Grilled Whole Beef Tenderloin


 

Gerry D.

TVWBB Pro
I am going to be grilling a whole beef tenderloin and was looking for some recipes/techniques/ideas. I was thinking of marinading and dry rubbing or dry rubbing and wrapping in bacon or some combination of the three. Any one have a go to recipe for tenderloin?
 
Me, love bacon but not into bacon-wrapped anything (except ABTs). One gets no meat caramelization, something I prefer rather than just having the bacon cook but the meat underneath not develop good surface flavors.
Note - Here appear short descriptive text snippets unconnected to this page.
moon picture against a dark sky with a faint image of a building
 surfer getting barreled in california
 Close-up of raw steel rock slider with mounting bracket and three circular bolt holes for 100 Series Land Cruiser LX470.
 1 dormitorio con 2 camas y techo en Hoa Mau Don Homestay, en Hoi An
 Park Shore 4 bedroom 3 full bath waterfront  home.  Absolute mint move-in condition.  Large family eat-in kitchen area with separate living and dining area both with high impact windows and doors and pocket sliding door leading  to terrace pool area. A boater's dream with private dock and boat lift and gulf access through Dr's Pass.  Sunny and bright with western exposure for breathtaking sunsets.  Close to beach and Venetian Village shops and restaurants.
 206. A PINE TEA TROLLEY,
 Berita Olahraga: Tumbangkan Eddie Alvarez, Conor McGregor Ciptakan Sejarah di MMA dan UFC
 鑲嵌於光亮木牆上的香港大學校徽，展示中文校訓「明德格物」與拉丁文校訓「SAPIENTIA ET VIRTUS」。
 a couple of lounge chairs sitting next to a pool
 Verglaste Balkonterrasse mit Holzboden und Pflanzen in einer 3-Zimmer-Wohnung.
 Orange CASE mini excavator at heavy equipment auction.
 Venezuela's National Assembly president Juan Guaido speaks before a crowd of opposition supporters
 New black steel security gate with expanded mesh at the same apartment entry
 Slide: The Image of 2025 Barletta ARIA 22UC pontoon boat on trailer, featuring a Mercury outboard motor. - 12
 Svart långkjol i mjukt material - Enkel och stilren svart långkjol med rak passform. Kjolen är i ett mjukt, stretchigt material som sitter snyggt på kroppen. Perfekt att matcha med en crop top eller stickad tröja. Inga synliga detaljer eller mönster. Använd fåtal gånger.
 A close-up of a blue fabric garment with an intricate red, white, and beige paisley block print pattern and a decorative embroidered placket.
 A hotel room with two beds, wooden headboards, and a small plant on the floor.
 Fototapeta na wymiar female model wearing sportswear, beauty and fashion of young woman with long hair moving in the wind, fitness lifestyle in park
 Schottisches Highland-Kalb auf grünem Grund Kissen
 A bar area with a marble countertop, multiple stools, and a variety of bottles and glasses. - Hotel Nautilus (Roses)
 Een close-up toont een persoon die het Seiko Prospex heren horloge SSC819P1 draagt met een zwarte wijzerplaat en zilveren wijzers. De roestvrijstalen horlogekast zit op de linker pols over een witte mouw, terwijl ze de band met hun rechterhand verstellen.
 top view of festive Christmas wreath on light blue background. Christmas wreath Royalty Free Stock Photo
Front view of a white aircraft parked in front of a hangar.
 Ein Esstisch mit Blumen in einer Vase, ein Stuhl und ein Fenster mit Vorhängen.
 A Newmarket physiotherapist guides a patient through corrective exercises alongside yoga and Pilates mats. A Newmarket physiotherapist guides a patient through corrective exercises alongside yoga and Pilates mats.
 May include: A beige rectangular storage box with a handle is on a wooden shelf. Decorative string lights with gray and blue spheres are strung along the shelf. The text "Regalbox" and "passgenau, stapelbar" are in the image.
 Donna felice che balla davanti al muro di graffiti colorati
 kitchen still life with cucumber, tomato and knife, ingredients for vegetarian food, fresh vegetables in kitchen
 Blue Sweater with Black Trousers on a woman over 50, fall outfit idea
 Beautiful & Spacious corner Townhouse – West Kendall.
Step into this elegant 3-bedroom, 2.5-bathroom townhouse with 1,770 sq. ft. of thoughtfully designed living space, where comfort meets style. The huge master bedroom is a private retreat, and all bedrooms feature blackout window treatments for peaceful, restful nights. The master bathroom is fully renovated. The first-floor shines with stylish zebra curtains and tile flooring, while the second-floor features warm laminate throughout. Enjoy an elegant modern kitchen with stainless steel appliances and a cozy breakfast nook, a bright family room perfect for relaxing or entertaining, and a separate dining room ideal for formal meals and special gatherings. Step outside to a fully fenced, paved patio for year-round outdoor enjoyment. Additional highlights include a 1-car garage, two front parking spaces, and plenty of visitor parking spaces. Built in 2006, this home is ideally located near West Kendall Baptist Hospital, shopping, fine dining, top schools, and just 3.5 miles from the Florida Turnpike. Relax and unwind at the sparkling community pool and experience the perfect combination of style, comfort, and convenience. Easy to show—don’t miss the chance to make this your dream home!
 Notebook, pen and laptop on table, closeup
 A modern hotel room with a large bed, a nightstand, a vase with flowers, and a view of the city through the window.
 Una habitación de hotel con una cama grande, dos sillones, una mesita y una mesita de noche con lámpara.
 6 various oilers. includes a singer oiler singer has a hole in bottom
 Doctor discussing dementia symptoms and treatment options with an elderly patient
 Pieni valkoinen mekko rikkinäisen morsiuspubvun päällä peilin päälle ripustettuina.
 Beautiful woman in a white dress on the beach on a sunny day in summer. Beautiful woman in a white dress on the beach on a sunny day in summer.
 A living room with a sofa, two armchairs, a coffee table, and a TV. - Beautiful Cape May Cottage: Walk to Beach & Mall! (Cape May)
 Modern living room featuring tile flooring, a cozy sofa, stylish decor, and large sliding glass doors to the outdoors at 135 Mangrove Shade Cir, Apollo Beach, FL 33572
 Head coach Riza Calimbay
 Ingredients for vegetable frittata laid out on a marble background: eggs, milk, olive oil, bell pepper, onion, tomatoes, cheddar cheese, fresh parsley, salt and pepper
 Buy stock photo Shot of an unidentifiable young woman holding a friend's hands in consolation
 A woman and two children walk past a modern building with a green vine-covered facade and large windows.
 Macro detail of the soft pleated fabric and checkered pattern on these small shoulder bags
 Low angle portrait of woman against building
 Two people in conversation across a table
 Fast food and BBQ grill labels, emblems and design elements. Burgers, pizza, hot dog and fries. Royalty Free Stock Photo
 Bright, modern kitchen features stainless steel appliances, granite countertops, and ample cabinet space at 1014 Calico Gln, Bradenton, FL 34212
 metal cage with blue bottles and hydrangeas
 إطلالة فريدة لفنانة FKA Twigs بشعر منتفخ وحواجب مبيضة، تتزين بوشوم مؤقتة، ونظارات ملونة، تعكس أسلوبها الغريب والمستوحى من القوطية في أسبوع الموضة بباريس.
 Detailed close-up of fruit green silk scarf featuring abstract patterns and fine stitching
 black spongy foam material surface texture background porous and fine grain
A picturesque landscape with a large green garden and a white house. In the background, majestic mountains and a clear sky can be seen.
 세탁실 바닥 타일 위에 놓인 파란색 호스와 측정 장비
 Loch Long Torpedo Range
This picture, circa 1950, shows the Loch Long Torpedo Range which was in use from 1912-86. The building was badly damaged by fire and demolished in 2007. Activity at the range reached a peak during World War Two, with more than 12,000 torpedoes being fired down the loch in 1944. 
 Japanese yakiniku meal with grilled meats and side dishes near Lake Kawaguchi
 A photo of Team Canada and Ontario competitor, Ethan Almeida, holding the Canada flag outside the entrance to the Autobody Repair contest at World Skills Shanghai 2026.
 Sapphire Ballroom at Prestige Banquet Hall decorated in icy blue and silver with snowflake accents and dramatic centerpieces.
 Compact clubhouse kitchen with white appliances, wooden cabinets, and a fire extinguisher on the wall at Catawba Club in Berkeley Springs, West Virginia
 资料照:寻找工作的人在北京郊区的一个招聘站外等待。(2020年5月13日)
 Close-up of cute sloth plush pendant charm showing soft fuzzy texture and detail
And, you know me: salt-and-pepper-only is not something I ever do.

Marinating won't really work unless you pierce the meat all over and well, and allow time. Fine, but not my preferred way, which is to either make a paste rub of fresh herbs and garlic and green and white peppercorn, or to do a paste rub with a dry rub over it.

My 2 cents.
 
Here is very old standby method I have used whole beef tenderloin on the grill. It works in the oven as well. If you start the oven at 500 and lower it after 20 mins.
Trim and tie the tenderloin. Coat with Olive Oil and salt & pepper. I fire my grill with a good amount of lump and bank it all to one side.
Sear the tenderloin all sides, then indirect and pull it off at 121 degrees. Cover with foil while resting. Slice it thick. I like it rare to med-rare. Serve it with a tarragon and shallot butter.
I only use fresh Tarragon. Dried does not work for me. Mince up some shallots and saute them 'till soft. Let them cool and add them and chopped tarragon to softened butter. I also like serve a Dijon/Mayo/Horseradish sauce on the side if people don't want the tarragon butter.
 
Thanks for the input guys!

Kevin, when you apply the paste rub do you let it sit or do you rub the meat, light the grill, and then put on the meat when it gets up to temp? I was thinking about rubbing the night before and putting it in the fridge until ready to cook. I have fresh basil, oregano, parsley, and rosemary. I am thinking a combination with some garlic, olive oil, and some peppercorns (I have a 4 peppercorn mix). Would the rub overwhelm the meat if I let it sit too long?
 
I rub and then let it sit a couple hours on the counter, or I let it sit then rub. Whatever is convenient. Sometimes it is more convenient to rub in the morning, say, and I'll do that, removing it a couple hours before cooking.

I don't think it will be overwhelming, no, but that sort of thing is subjective. Me, I'd go with 2-3 T each of the basil, oreg and parsley, 1-2 of the rosemary, 1 garlic, 2 Dijon, 3-4 of the pepper (crush or coarsely grind, don't grind finely) and just enough oil to makie it a paste. I'd salt first.